#### GIVEN MATERIAL

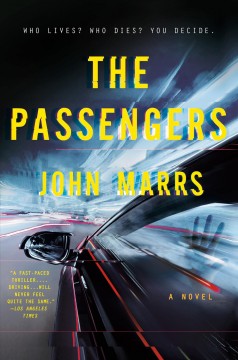 Book cover for The Passengers by John Marrs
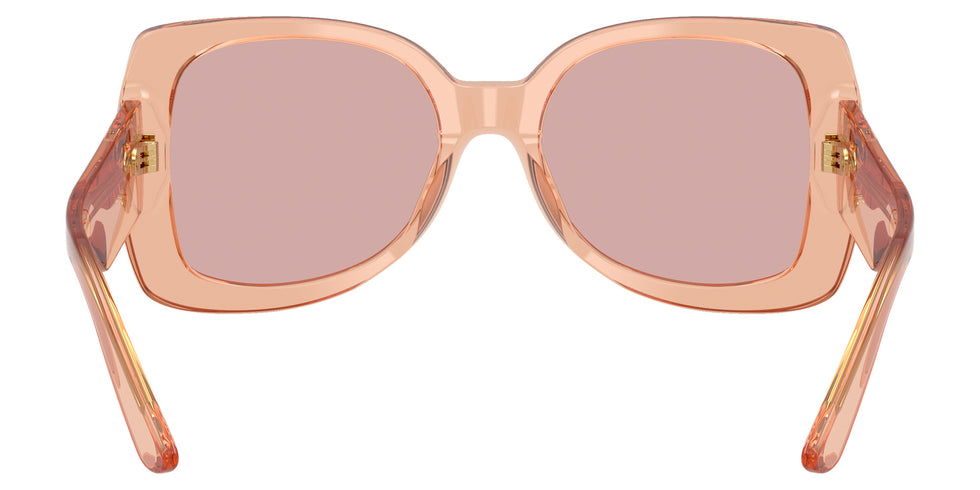 DOLCE&GABBANA DX4012 322684 50 - Nude Transparent / Light Violet #id:dx4012322684_s:102115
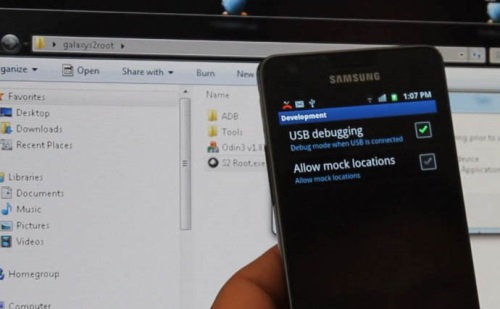 Hur man blinkar en telefon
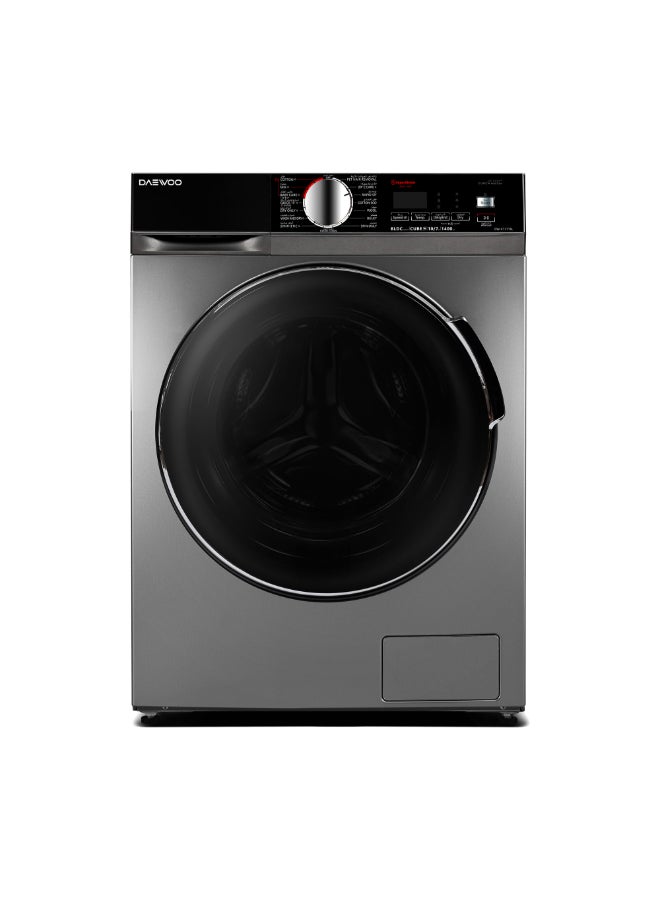 Daewoo 10KG Washer, 7kg Dryer, Front Load Washing…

########

• [EXERCISE PROMPT] Copy out each line of the data exactly as it reads; skip the pictures.

• [OUTPUT FOR THIS EXERCISE]
 Book cover for The Passengers by John Marrs
 DOLCE&GABBANA DX4012 322684 50 - Nude Transparent / Light Violet #id:dx4012322684_s:102115
 Hur man blinkar en telefon
 Daewoo 10KG Washer, 7kg Dryer, Front Load Washing…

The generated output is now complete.